The ThreadLocalBridge.live Layer

ThreadLocalBridge.live provides the default implementation of the ThreadLocalBridge service. Its signature is:

import zio._

object ThreadLocalBridge {
  val live: ZLayer[Any, Nothing, ThreadLocalBridge] = ???
}

The ThreadLocalBridge#live layer:

• Creates and registers an internal FiberRefTrackingSupervisor that supervises all FiberRef objects from ThreadLocalBridge#makeFiberRef
• Hooks into the fiber suspension and resumption lifecycle to re-invoke the link function when needed
• Ensures that even if a fiber suspends and resumes on a different thread, the ThreadLocal value is restored
• Cannot fail and requires no environment dependencies

To use ThreadLocalBridge in your application, include ThreadLocalBridge.live in your layer composition:

import zio._

val requestIdThreadLocal = new ThreadLocal[Option[String]] {
  override def initialValue() = None
}
// requestIdThreadLocal: ThreadLocal[Option[String]]{def initialValue(): None.type} = repl.MdocSession$MdocApp5$$anon$3@5b9f3c75

def example: ZIO[Scope with ThreadLocalBridge, Nothing, Unit] =
  ThreadLocalBridge.makeFiberRef[String]("initial")(id =>
    requestIdThreadLocal.set(Some(id))
  ).flatMap { ref =>
    ZIO.succeed(println(s"FiberRef created: ${requestIdThreadLocal.get()}"))
  }

// Provide the ThreadLocalBridge.live layer
val withBridge = ZIO.scoped(example).provide(ThreadLocalBridge.live)
// withBridge: ZIO[Any, Nothing, Unit] = FlatMap(
//   trace = "repl.MdocSession.MdocApp5.withBridge(threadlocal-bridge.md:163)",
//   first = Sync(
//     trace = "repl.MdocSession.MdocApp5.withBridge(threadlocal-bridge.md:163)",
//     eval = zio.Scope$$$Lambda$19474/0x00007f63fef2f660@86128df
//   ),
//   successK = zio.ZIO$$$Lambda$19475/0x00007f63fef2f918@1f74ab46
// )

Core Operations

Once you have a FiberRef[A] from ThreadLocalBridge#makeFiberRef, you can use all standard FiberRef operations. The key difference is that mutations are automatically synchronized to the underlying ThreadLocal via the link function.

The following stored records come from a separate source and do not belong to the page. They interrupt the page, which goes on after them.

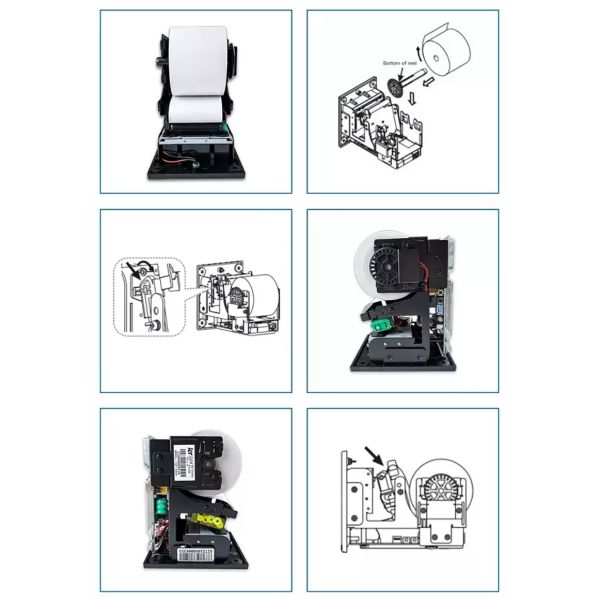 ICT Thermal Printer Online Casino Payment System TOP-GP58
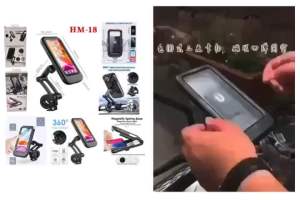 Phone Holder Hp Motor Sepeda Anti Air Waterproof 360 Dudukan Hp Di Stang Motor Kuat Kokoh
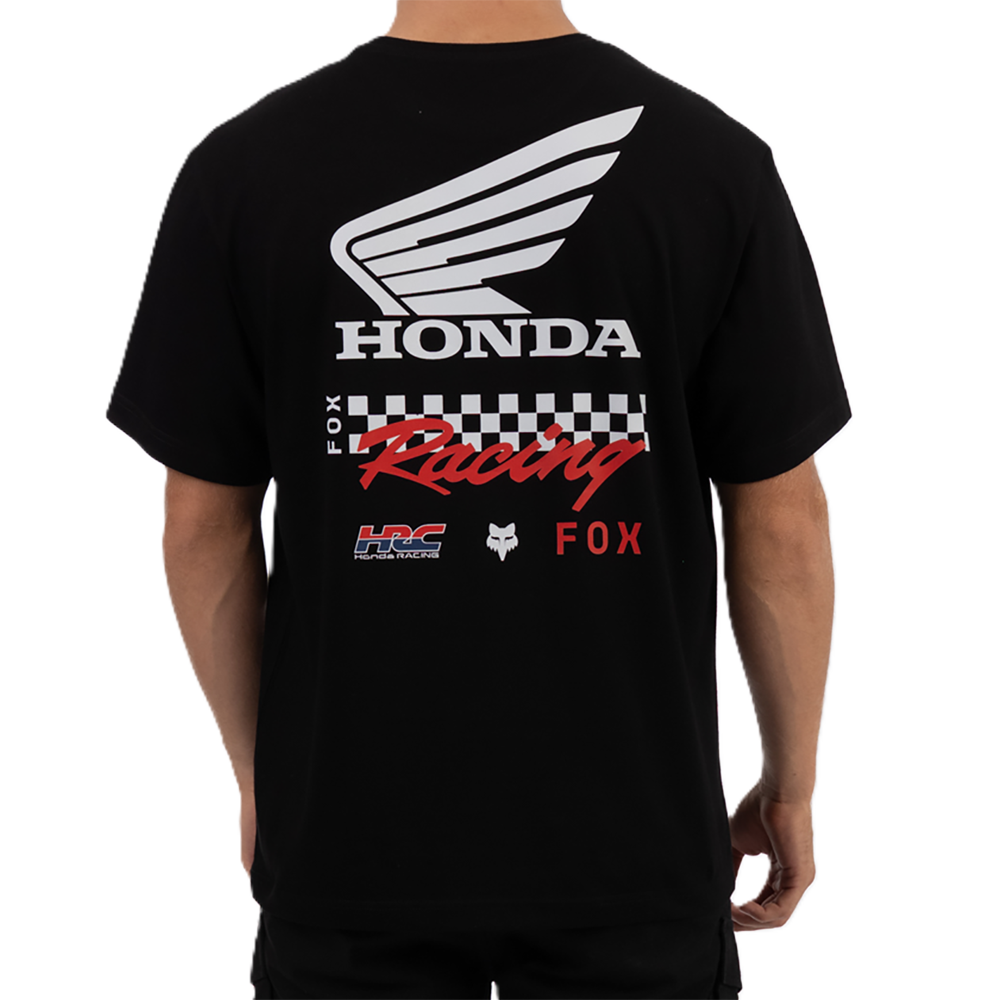 Fox Honda Checker Over Sized Ss Tee (Black)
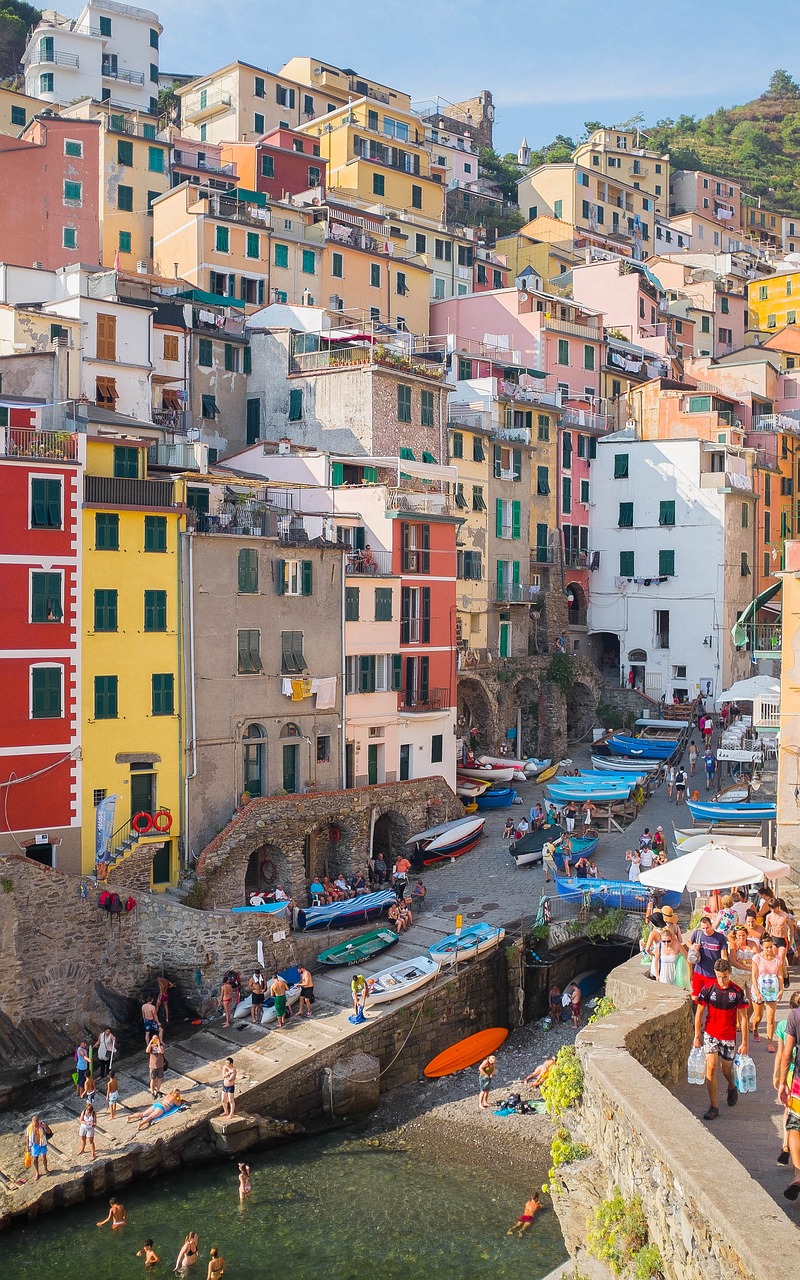 riomaggiore cityscape italy free photo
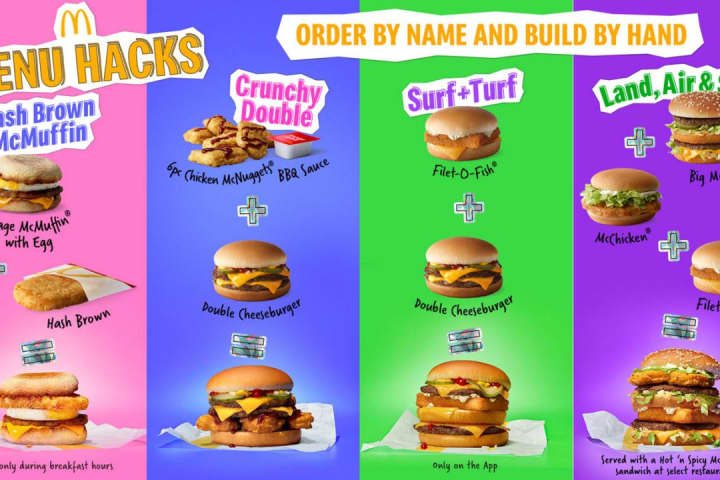 Here's When McDonald's Customers Can Order 'Menu Hacks,' Combining Already-Existing Items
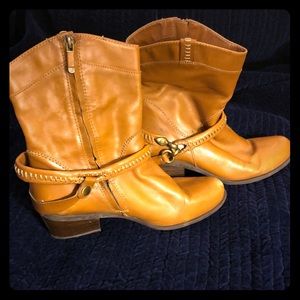 Leather Western Style Boots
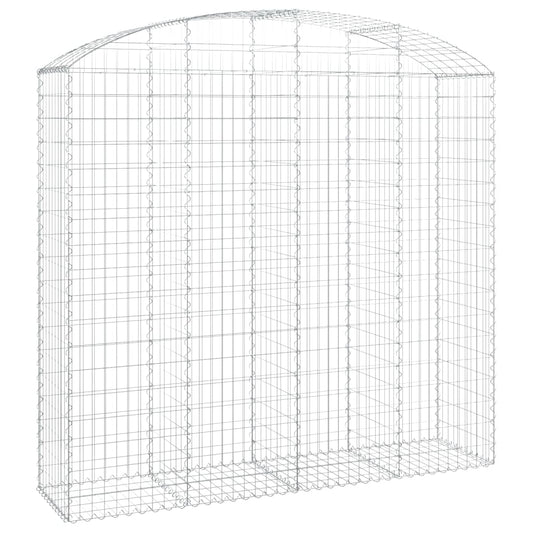 vidaXL Arched Gabion Basket 200x50x180/200 cm Galvanised Iron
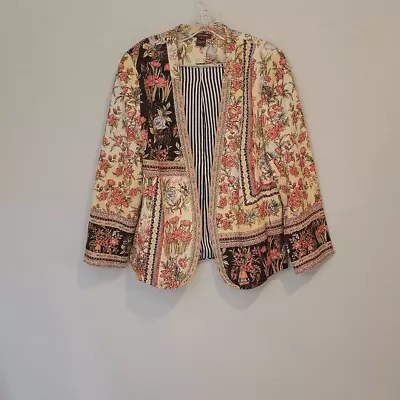 Rare Anthropologie Vineet Bahl Dara Blazer Floral Size M • $80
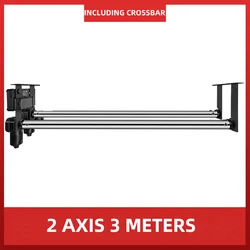 Background axis photography background bracket electric 6-axis lift is suitable for photo studios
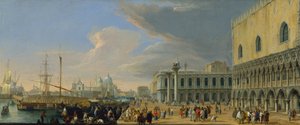 A Molo, Velence, Nyugatra nézve, 1709 körül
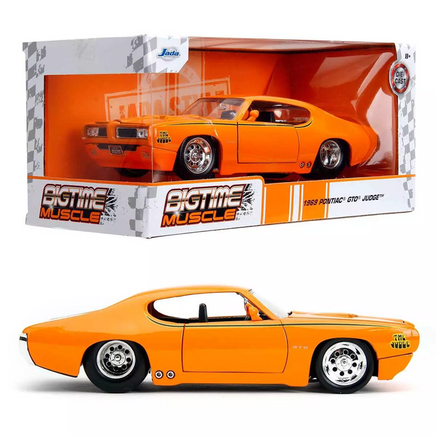 Jada Big Time Muscle 1969 Pontiac GTO Judge 1:24 Diecast Car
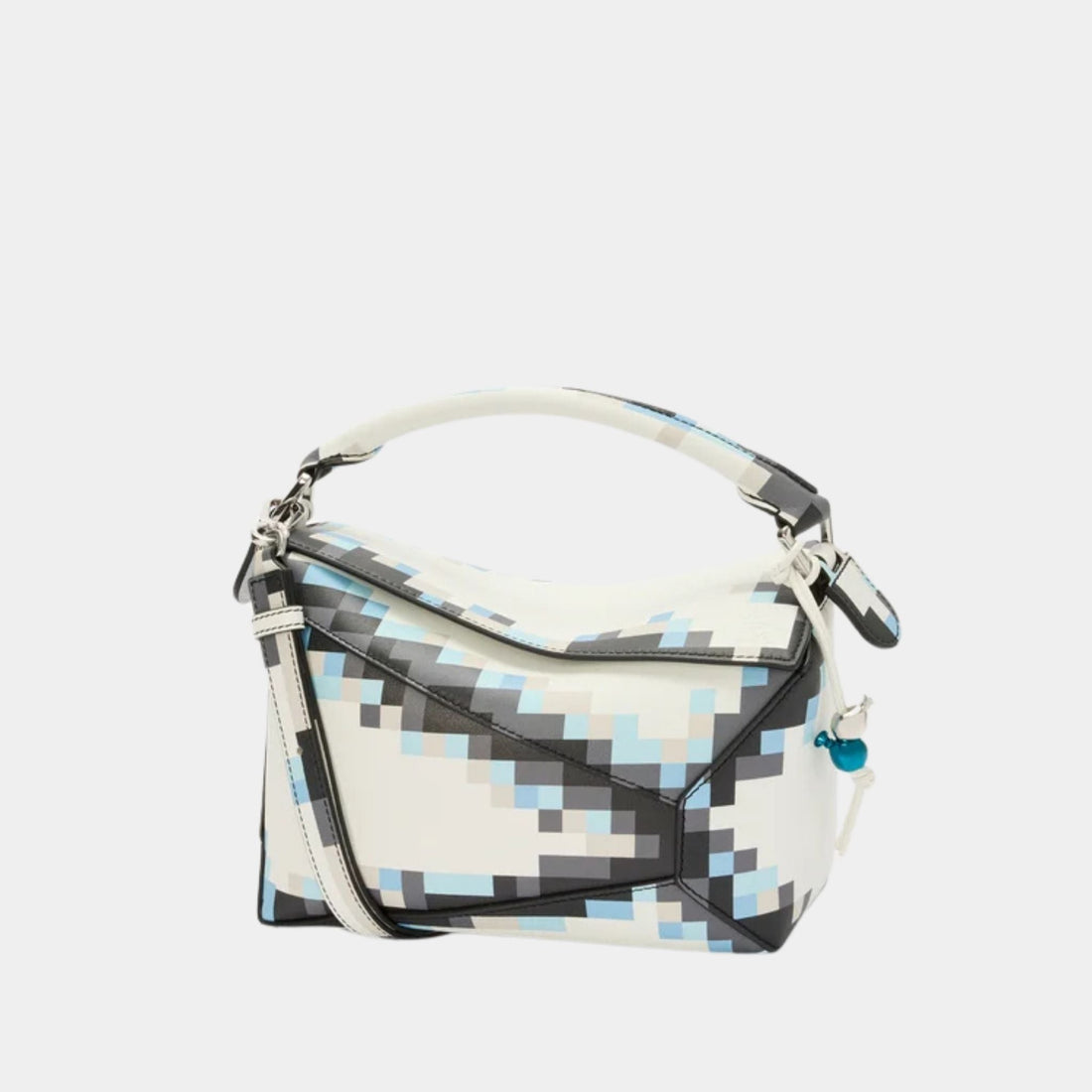 Puzzle 10 Pixel Re-edition Bag in Nappa Calfskin
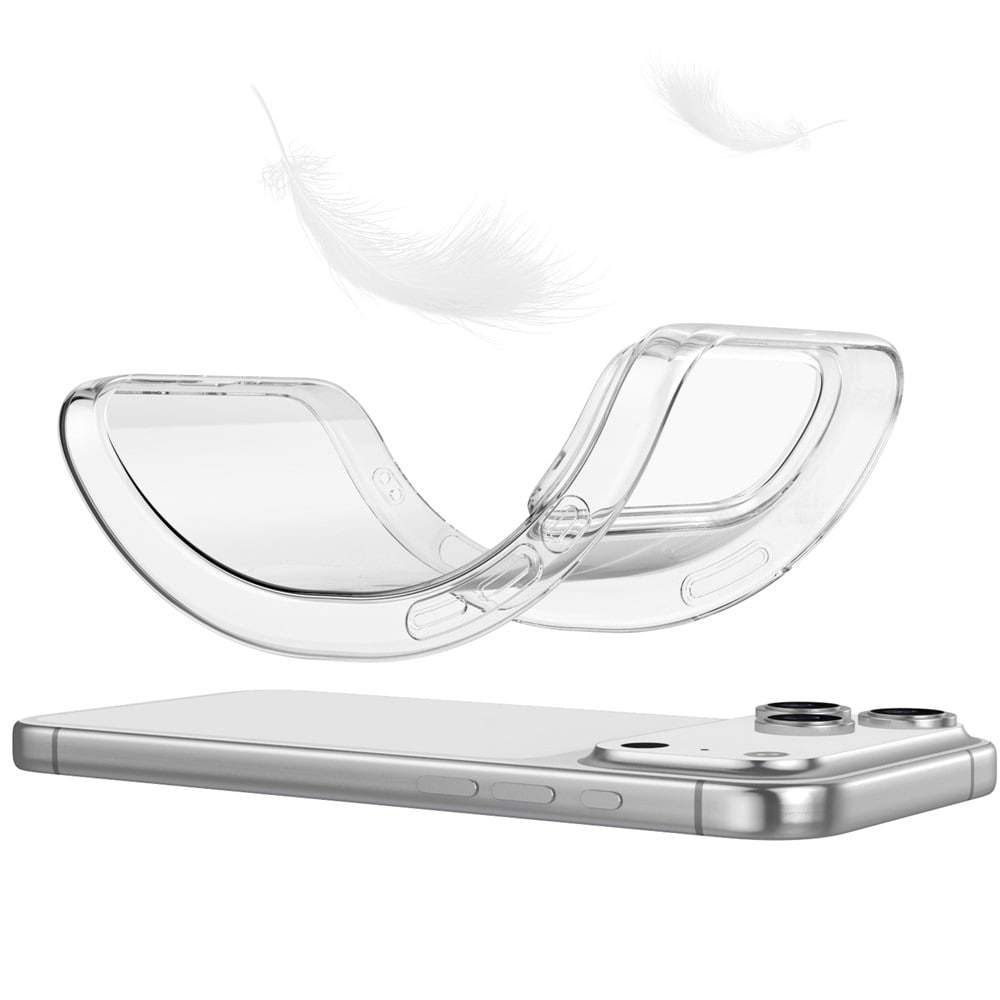 iPhone 18 Pro Max / 17 Pro Max TPU-etui med fingeraftryksbeskyttelse – gennemsigtigt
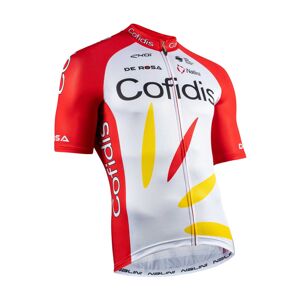 NALINI Cyklistický dres s krátkym rukávom - COFIDIS 2020 - červená/biela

Important: The link function executes synchronously whenever the fiber-local value changes (via FiberRef#set, FiberRef#modify, FiberRef#locally) or during fiber lifecycle hooks (suspend/resume). This means:

• Exceptions in the link function propagate as defects
• The link function blocks the current effect until it completes
• Keep link functions fast and avoid I/O operations or blocking calls

This synchronous behavior ensures the ThreadLocal is always in sync with the fiber-local state, but you should optimize link functions for minimal latency.

FiberRef#set

FiberRef#set atomically replaces the fiber-local value and synchronizes the new value to the ThreadLocal. Its signature is:

import zio._

trait FiberRef[A] {
  def set(value: A): UIO[Unit]
}

The method:

• Atomically replaces the fiber-local value
• Calls the link function with the new value for immediate synchronization
• Returns immediately (non-blocking)
• Does not fail (returns UIO)

Implementation Note: FiberRef#set works correctly with ThreadLocalBridge because it internally delegates to the FiberRef#modify method, which is overridden in TrackingFiberRef to invoke the link function. This delegation ensures that the ThreadLocal is automatically synchronized whenever the fiber-local value changes via FiberRef#set.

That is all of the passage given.